1 Execution site(s)
Nina V., born in 1928: “One day all the Jews were gathered under the pretext of being taken for forced labor. They didn’t suspect anything. They were loaded onto the trucks and taken in the direction of the road. Once the truck turned off the road towards the ravine, they understood what was going on. They started to cry. Oh God, how they cried and screamed. It was unbearable. All the villagers went out on the streets to see what was happening. After the shooting, older men (as there were no young men in the village, they all had gone to front), were requisitioned to dig a pit and bury the corpses. There were many requisitioned men because the pit was big. In all, there were about 250 victims.
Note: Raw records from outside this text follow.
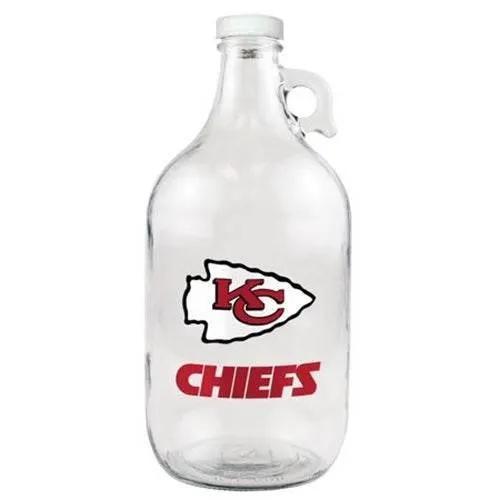  Kansas City Chiefs 64 Oz Glass Jar Collector Style Edition -  ToylandEU™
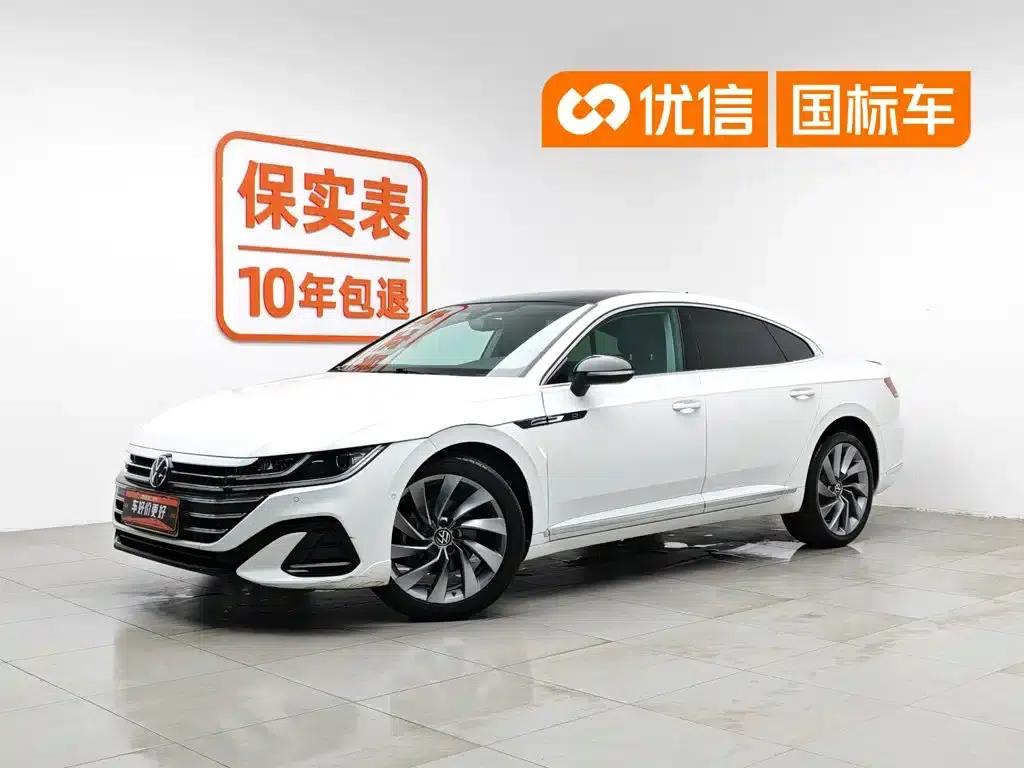 FAW-Volkswagen CC 2021 380TSI Striking Edition — миниатюра 1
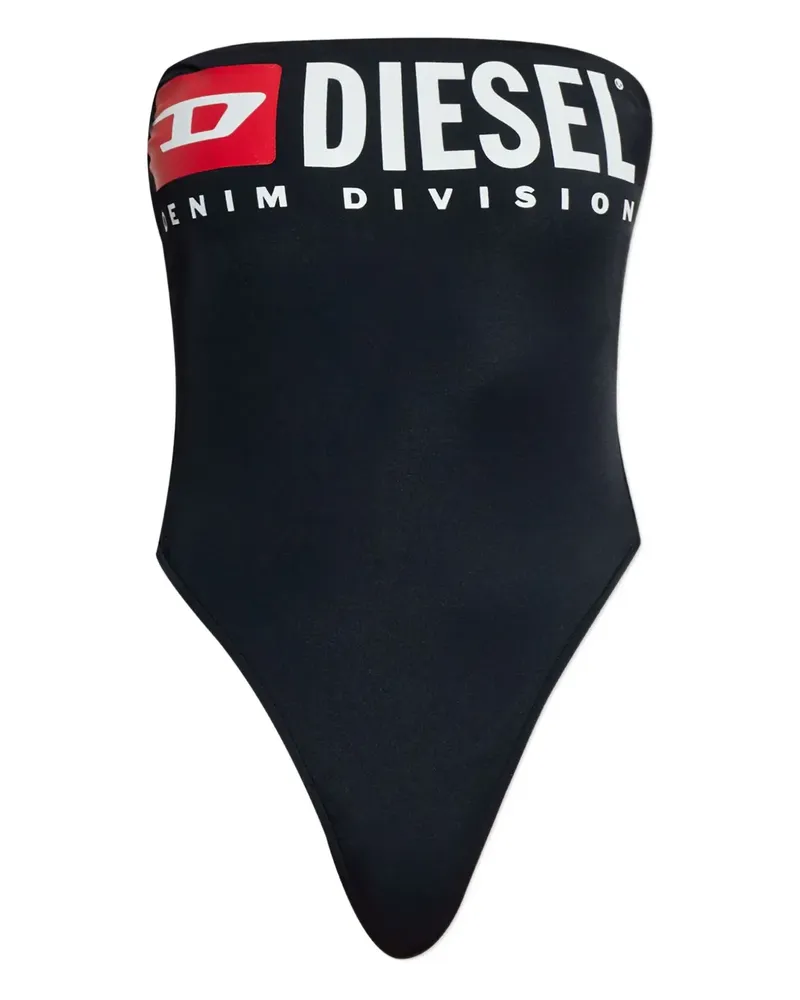 Diesel Cecilia-d-core Badeanzug mit Logo - Schwarz Schwarz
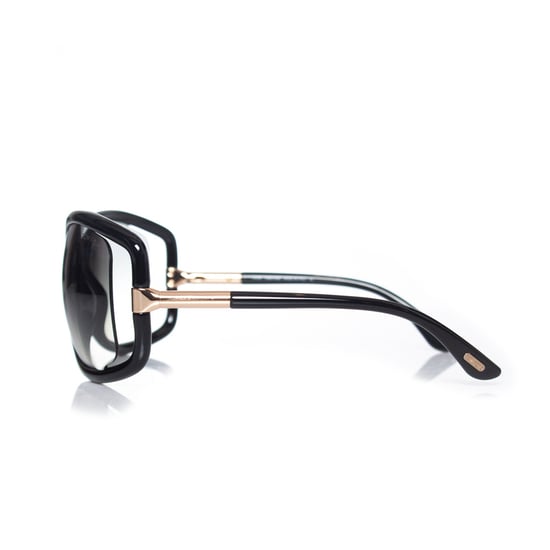 Schwarze Anais Sonnenbrille - Image 5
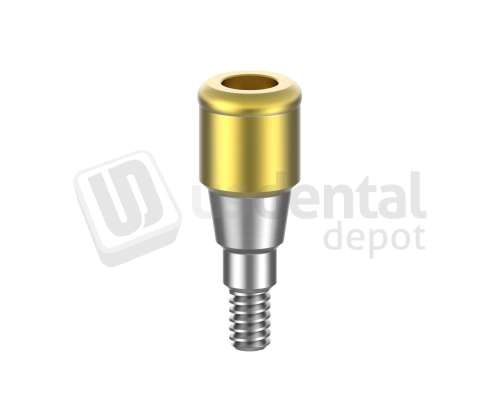 XPS - Flat abutment ( Locator fit to 1.27 screw driver ) only 3mm  compatible - # LND3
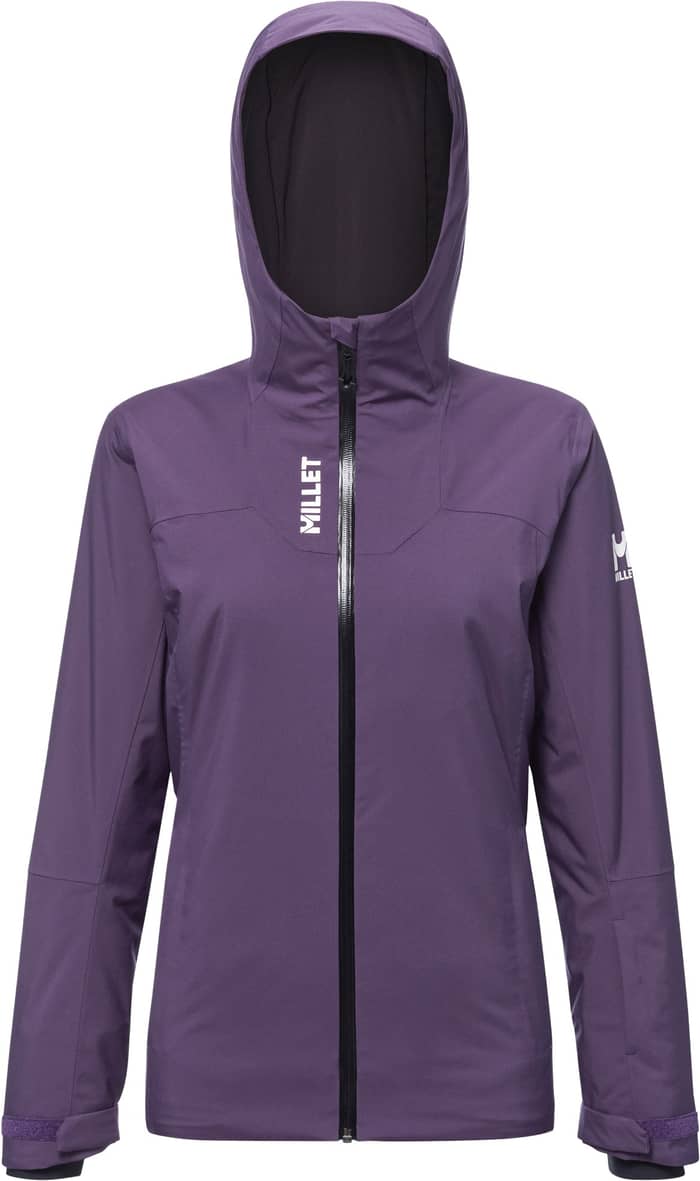 Brevent Jkt W Purple Velvet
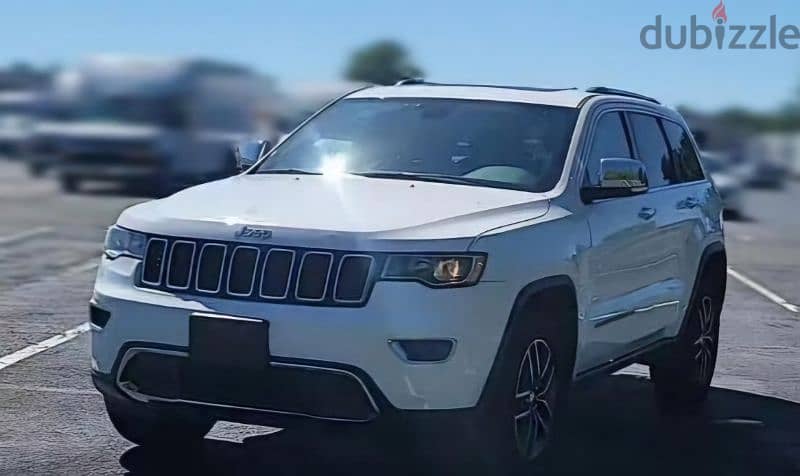 Jeep Grand Cherokee 2017 Limited 4X4 5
When I came to the site to take a look I saw the corpses of my two school teachers: Sarah Romanovna and Ida Efremovna. They were lying dead with their children nearby. There were only women in the pit because the men had been taken to Pervomaiskiy, where they were hanged.” (Witness n°903, interviewed in Pecherskaya Buda, on August 19th, 2019)
“On the morning of May 2nd 1942, I was outside and I saw a punitive unit arrive and take all the Jewish residents of the village of Zakharino [village disappeared] in the direction of Buda-Pechersk [today Pecherskaya Buda]. The unit was composed of 27 men, including seven Germans and twenty policemen. The district chief, Chevandin, and the head of the police, Bobkov, were among them. Half an hour later we heard the gunshots. Afterwards, we found out that 263 civilian Jews had been shot. I don’t know the names of the Germans and policemen.» [Deposition of a local villager,Uliana Ch., 44 years old, given to the Soviet Extraordinary Commission (ChGK) on April 7th 1944; RG.22-002M: GARF 7021- 44-634, p.662]
The village of Zakahrino which was initially established as a Jewish settlement, and no longer exists. The last houses were destroyed in 1980. The closest village is Pecherskaya Buda, located 90km (56 miles) south of Smolensk. In 1847, 538 Jews lived in Zakarino and make up the majority of the total population. There were two synagogues, none of which was preserved. The Jewish children had their own Yiddish school, but in 1930s it was transformed in a Russian school where Jewish and non-Jewish children studied together. The majority of Jews lived off agriculture. However, some of them were involved in small scale trade or artisanal manufacturing, such as shoemaking or tailoring
Zakharino was occupied by the Germans on August 1st 1941. Before the occupation, many Jewish refugees arrived to Zakahrino from Belarus, while only a small part of local Jews managed to evacuate to the East. The anti-Jewish measures were implemented shortly after the occupation. The Jews were subjected to theft, humiliations and different restrictions on daily life. In the summer of 1941, eight local Jewish men were arrested and hanged in the centre of the village.
The ghetto was created in October 1941 and housed about 300 Jews. According to the local residents interviewed by Yahad - In Unum, the ghetto was created on the street where the Jews had previously resided. It was only fenced in with barbed wire. Although it was forbidden to leave its territory, many Jews sneaked out of the ghetto at night to look for food. A Jewish council and a local police were also created.
The ghetto was liquidated on May 2nd 1942. A German punitive from Khislavichi unit accompanied by local police rounded up the Jews under the pretext of being taken to work. They were taken northeast of the village of Zakahrino in the direction of Pecherskaay Buda where they were shot in the ravine. Before being shot, some of them stripped naked, while others were able to keep on their underwear. According to Yahad’s witness YIU/902R, the shooting was conducted by policemen. The Germans only surveyed the execution. According to the same witness, Jewish men from Zakahrino weren’t shot in Pecherskaya Buda, they were taken to be shot in Pervomaiskiy. The village of Zakahrino was burned down as the Germans retreated.